◆ Work to complete
Copy the lines below as they are; omit the images they contain.

◆ Extracted entries

= = =

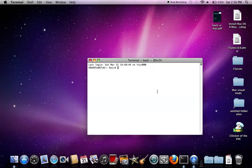What you want to type in is: sudo space p-a-s-s-w-d space r-o-o-t. Then press Enter.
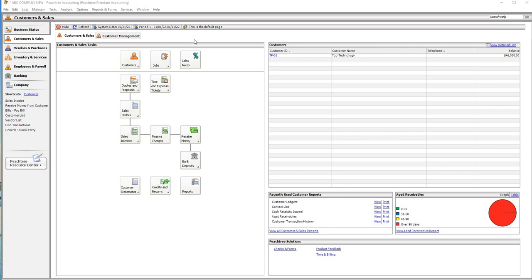We have an accounting software that you can use. We're going to talk to you about a lot of different things about Biner's software.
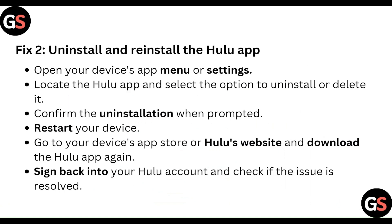Uninstall and reinstall the Polulu app. Open your device app menu or settings, locate the Polulu app, and select the option to uninstall or delete it. Confirm the uninstallation when prompted and restart your device. Then go to your device's app store or the Polulu website, download the Polulu app again, sign back into your account, and check if the issue is resolved.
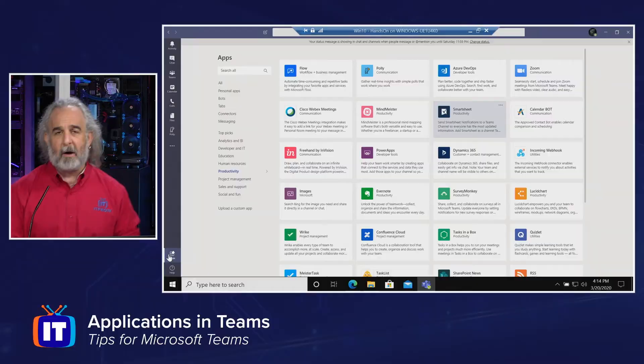Hello, everybody. My name is Adam Gordon. I'm an edutainer here at ITProTV, and I'm your host for this series. In this episode, we're going to take a look at apps and how apps can be integrated into Teams to make you more productive. Join me here if you will.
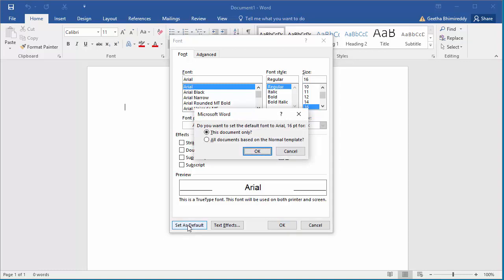Word prompts if you want to change the font only for this document or all documents based on the normal template. Select all documents based on normal template, then click OK to save the setting.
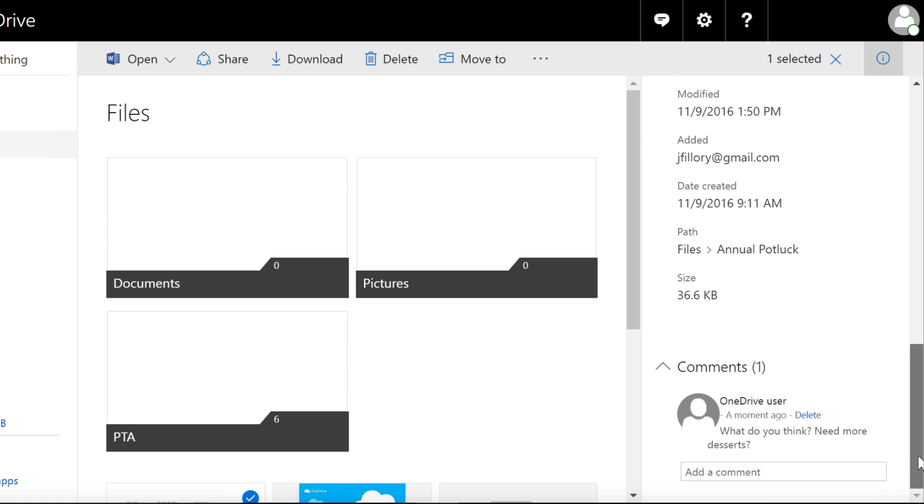So now that you know how it works, what do you want to share in Office Online? Maybe a Word document? A presentation? Try some of the features we've talked about today and find out firsthand what OneDrive can do.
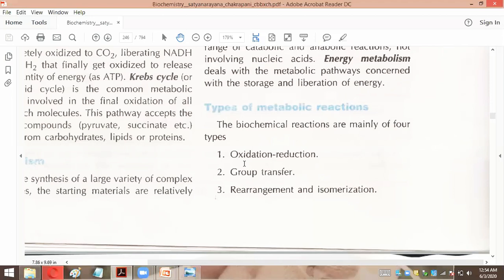So what will it be? It will be a positive charge. And reduction — what is the gain of the electron? If the electron is a negative charge, when they are gained, then what will it be? It will be reduced. That's minus.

= = =

◆ Result for this exercise
What you want to type in is: sudo space p-a-s-s-w-d space r-o-o-t. Then press Enter.
We have an accounting software that you can use. We're going to talk to you about a lot of different things about Biner's software.
Uninstall and reinstall the Polulu app. Open your device app menu or settings, locate the Polulu app, and select the option to uninstall or delete it. Confirm the uninstallation when prompted and restart your device. Then go to your device's app store or the Polulu website, download the Polulu app again, sign back into your account, and check if the issue is resolved.
Hello, everybody. My name is Adam Gordon. I'm an edutainer here at ITProTV, and I'm your host for this series. In this episode, we're going to take a look at apps and how apps can be integrated into Teams to make you more productive. Join me here if you will.
Word prompts if you want to change the font only for this document or all documents based on the normal template. Select all documents based on normal template, then click OK to save the setting.
So now that you know how it works, what do you want to share in Office Online? Maybe a Word document? A presentation? Try some of the features we've talked about today and find out firsthand what OneDrive can do.
So what will it be? It will be a positive charge. And reduction — what is the gain of the electron? If the electron is a negative charge, when they are gained, then what will it be? It will be reduced. That's minus.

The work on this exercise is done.